| Given data |

"""

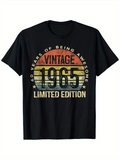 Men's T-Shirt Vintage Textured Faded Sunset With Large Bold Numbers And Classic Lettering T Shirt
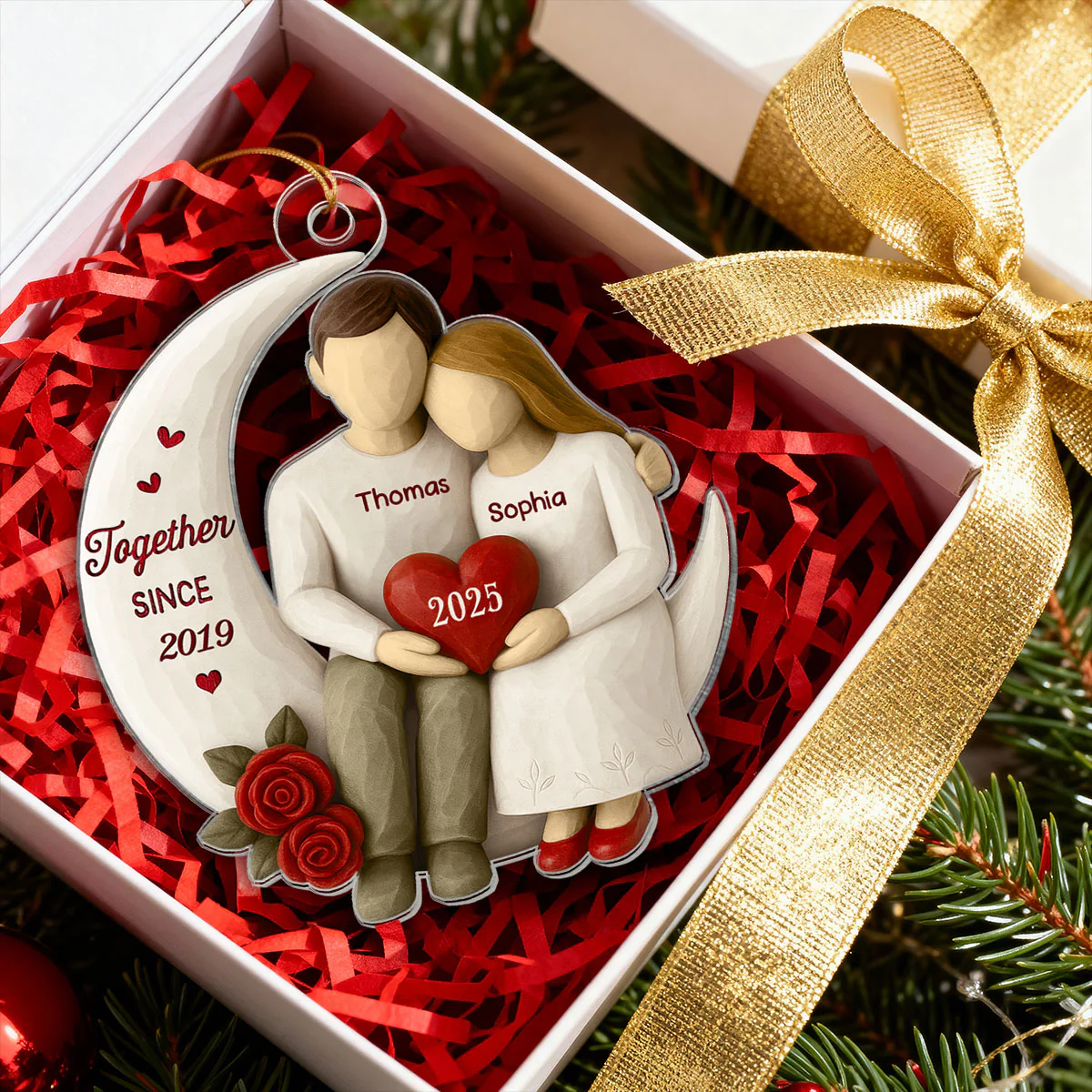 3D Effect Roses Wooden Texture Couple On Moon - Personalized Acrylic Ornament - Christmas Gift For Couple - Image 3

"""
"""

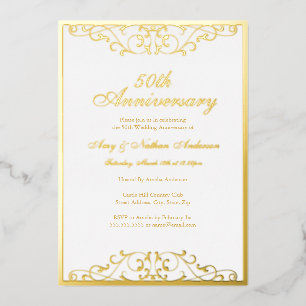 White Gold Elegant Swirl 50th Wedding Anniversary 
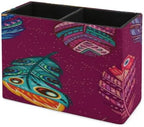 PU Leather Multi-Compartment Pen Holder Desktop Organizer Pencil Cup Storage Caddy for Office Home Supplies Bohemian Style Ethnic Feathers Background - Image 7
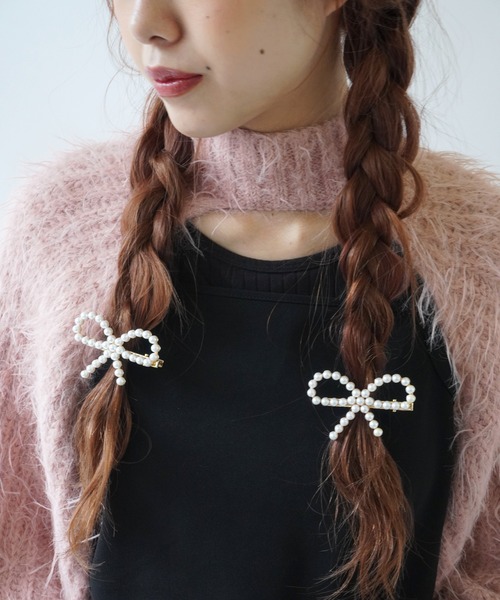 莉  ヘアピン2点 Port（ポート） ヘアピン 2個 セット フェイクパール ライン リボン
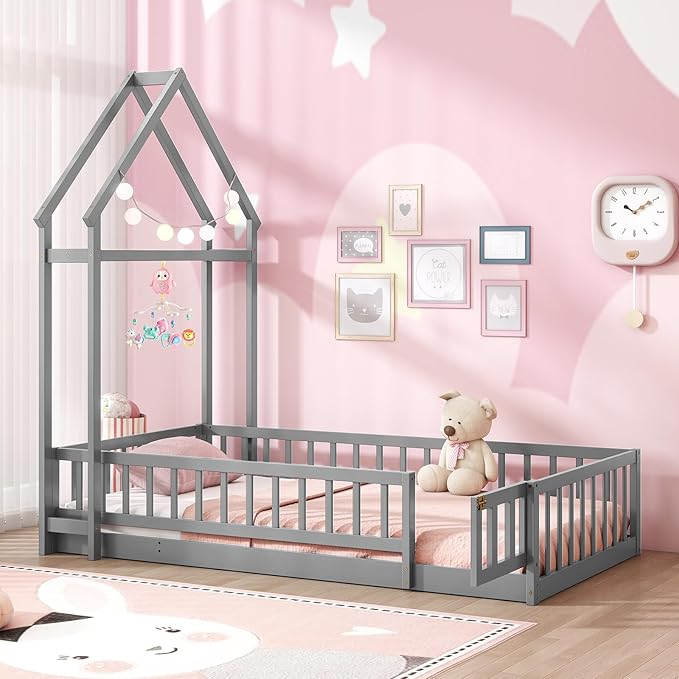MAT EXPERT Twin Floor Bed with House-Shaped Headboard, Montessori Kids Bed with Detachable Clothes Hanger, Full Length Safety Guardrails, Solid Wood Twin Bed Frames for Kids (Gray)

"""
"""

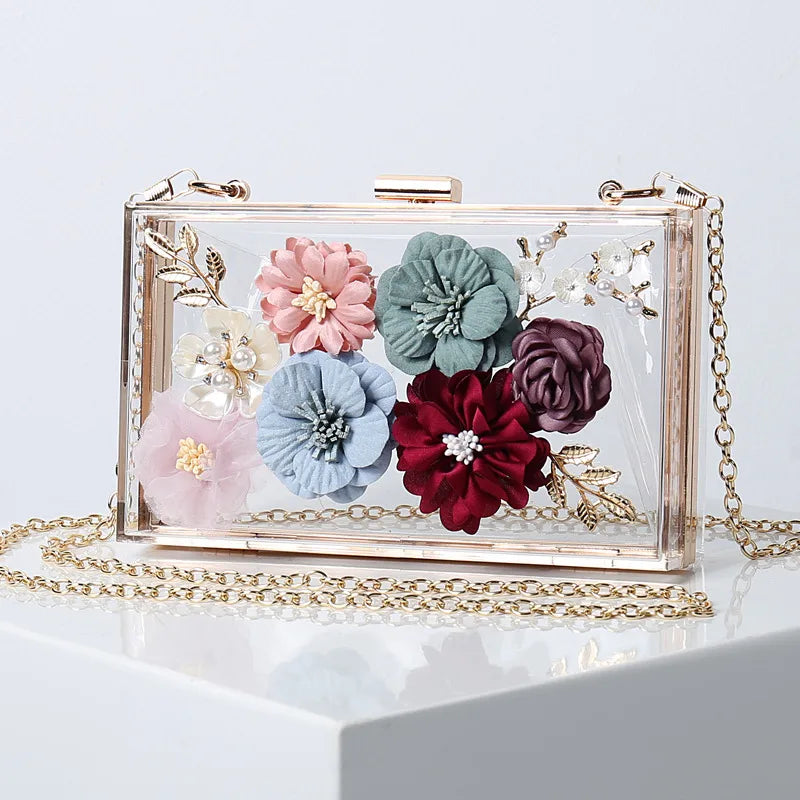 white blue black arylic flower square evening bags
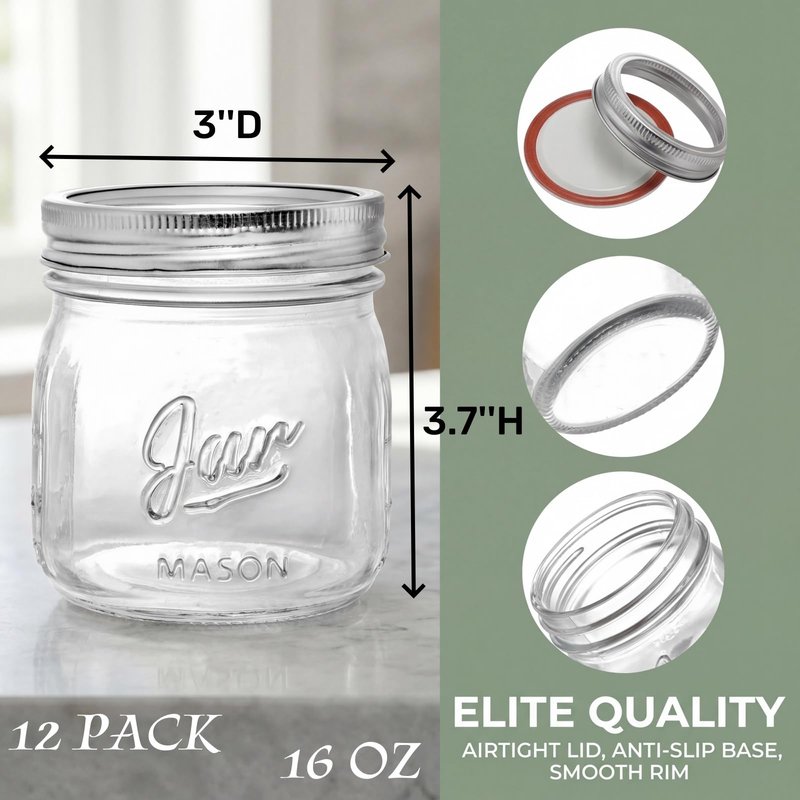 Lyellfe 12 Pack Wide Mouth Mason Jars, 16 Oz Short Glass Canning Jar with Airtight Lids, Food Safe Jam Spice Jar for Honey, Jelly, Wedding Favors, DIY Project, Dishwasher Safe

"""

Within the listing above, extract exactly the lines that run from the one containing "Men's T-Shirt Vintage" through the one containing "3D Effect Roses", excluding any pictures.

 Men's T-Shirt Vintage Textured Faded Sunset With Large Bold Numbers And Classic Lettering T Shirt
 3D Effect Roses Wooden Texture Couple On Moon - Personalized Acrylic Ornament - Christmas Gift For Couple - Image 3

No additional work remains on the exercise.